Erkut Şahinbaş: ODTÜ’ye dönersek, bizim mezun olduğumuz tarihlerde şu an var olan mimari birikim Türkiye’de hiç yoktu. Onun için Ortadoğu’nun bir özelliği şu oldu: Biz bilerek görmedik de görerek bildik. Nasıl? Ortadoğu’daki ikinci, üçüncü sınıftan sonra mimarlık fakültesinin çoğu talebesi yurtdışına gidip geldi, staj yapanlar oldu. Amerika’ya İngiltere’ye gidenler oldu; ben ve birkaç arkadaşım İskandinavya’ya gittik. Neden İskandinavya derseniz, hocalarımız Danimarkalı idi, Fin idi. Bunlar bizim açımızdan o senelerde çok önemliydi. Şimdi değil, neden değil? Çünkü 40-50 sene sonra Türkiye’de çok iyi uygulamalar yapılmaya başlandı. Seyahat imkanları arttı, öte yandan kitle iletişim araçları sayesinde internetten her şeye ulaşabiliyorsunuz. Bizim de şu açıdan avantajlarımız oldu: 20’li yaşlarda gidip bir Alvar Aalto binasını veya Le Corbusier yapısını görmek bir başka tecrübeydi.
Celal Abdi Güzer: Orada kimlerle çalıştınız?

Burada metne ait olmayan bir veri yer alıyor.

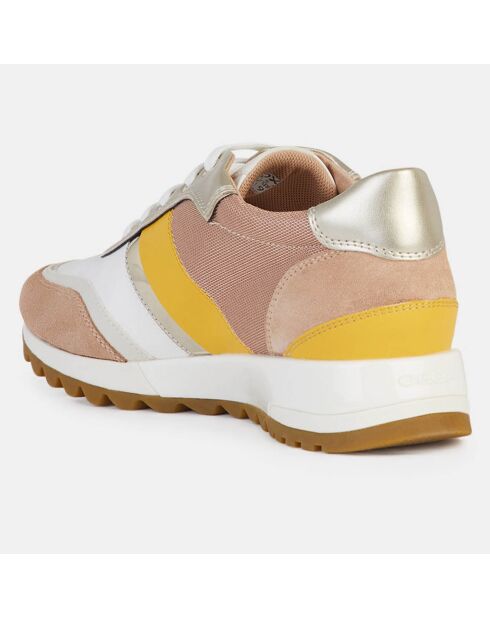 Sneakers en Cuir & Mesh Tabelya blanc/rose/jaune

Erkut Şahinbaş: Danimarka’ya, Paris’teki La Defense binasının mimarı Otto Von Spreckelsen aracılığıyla gittim. Kendisi ODTÜ’de hocalık yapmıştır. Orada o zaman akademi rektörünün bürosunda çalışmıştım, çok iyi bir büro ve çok iyi bir mimardı. Nitekim ben orada yüksek lisans yaptıktan sonra bana akademide de asistanlık imkanı tanıdılar. Dördüncü ve beşinci sınıftaki yabancı talebelere ders veriyordum. Ama döndüm iyi oldu, orada neticede hep yabancısın. Burada iş yapmak, mimarlık açısından büyük bir keyif tabi. Orada bu imkanları mümkün değil bulamazdık. Ortadoğu’ya döndüm, orada hocalık yaptım bir on sene kadar. Şimdi Bodrum’da oturuyorum ama geriye baktığımda başka şeyler görüyorum. Para kazanma gailesi ortadan kalkınca dünyaya daha farklı bakıyorsunuz. O açıdan çok rahatım ama mimarlık faaliyetlerini tabi ki izliyorum, büyük keyif.

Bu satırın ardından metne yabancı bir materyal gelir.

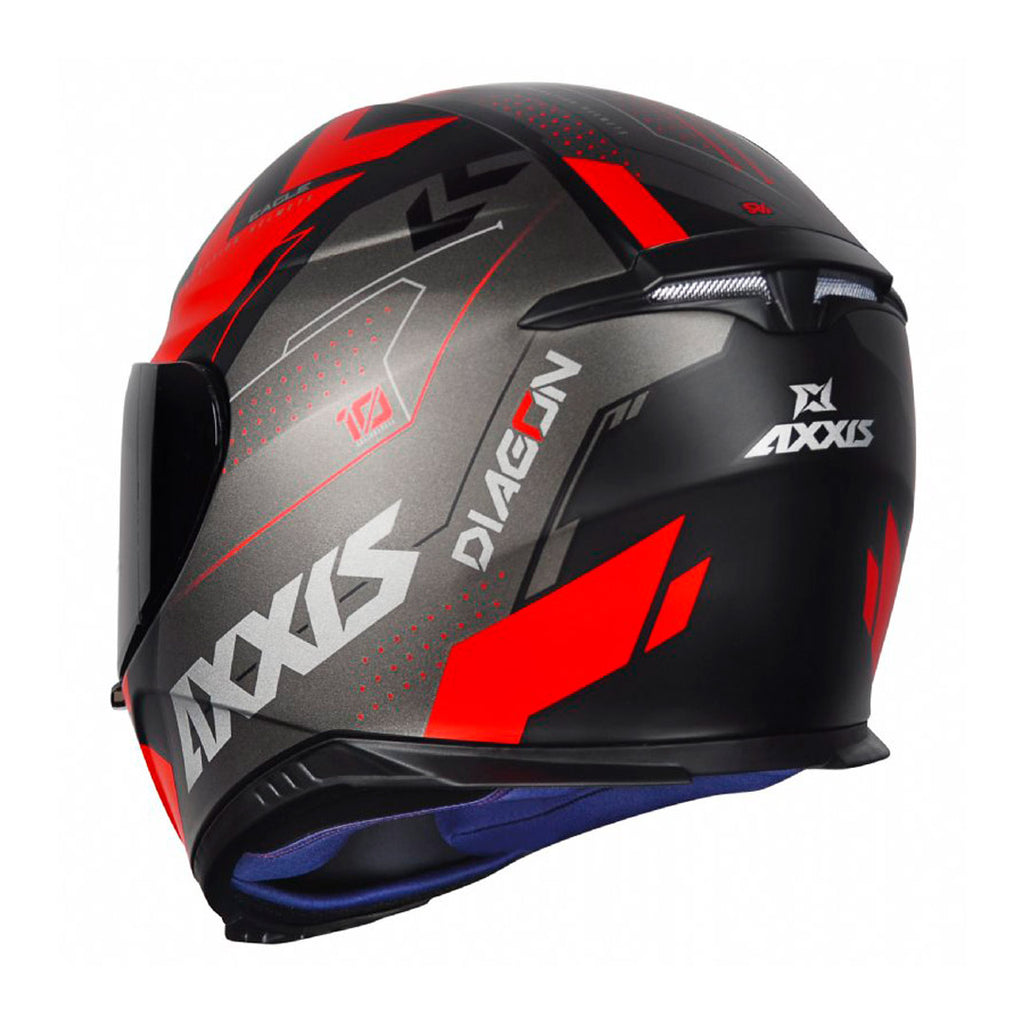 PROMO Casco Axxis Eagle SV Diagon B5 Rojo + Mica transparente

Celal Abdi Güzer: Trabzon Spor Salonu yarışmasıyla başlayan bir dönem var arada, sonrasında Ankara’da Bilkent kampüsünün yapılması var. Buna kırılma noktası der misiniz?

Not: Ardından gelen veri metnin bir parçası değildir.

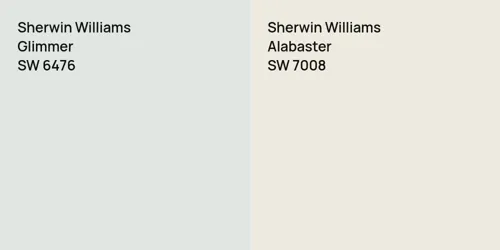 SW 6476 Glimmer vs SW 7008 Alabaster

Erkut Şahinbaş: Tabi Bilkent’i tümüyle ben yapmadım, 8-10 tane binaya dahil oldum ve de orası çok süratli yapıldı. Bir misal vereyim, Müzik Fakültesi'nin, ki 20.000 metrekare civarında alana sahiptir, projelendirilmesi ve yapımı bir senede tamamlandı. Çok büyük bir hızdı. Türkiye’deki ilk özel üniversite olduğu için her şeyin çok süratli yapılması gerekiyordu ama neticede o, çok güzel bir misal oldu arkasından gelen üniversitelere. Türkiye’ye çok başka bir pencere açtı.Orada ben o tarihte rahmetli İhsan Doğramacı hocaya bir ev yapmıştım, o çok başkadır. Bir daha öyle bir ev herhalde yapmam. Bir üniversite eviydi ve evin içinde bir evdi. Hiç unutmam, ben tasarımı yaparken arada ofise gelirdi; bir yemek odası yapmıştım 12 kişinin oturabildiği, “Olur mu efendim, 48 kişi oturacak burada.” dedi. Tabi bütün tasarım değişti, çok değişik bir ölçekle karşı karşıya kaldık. Bir mimar için ev yapmak zaten çok zor bir konu; büyük bir ev yapmak, evin içinde ev yapmak daha da zorlu. Fakat o süreç çok öğretici oldu.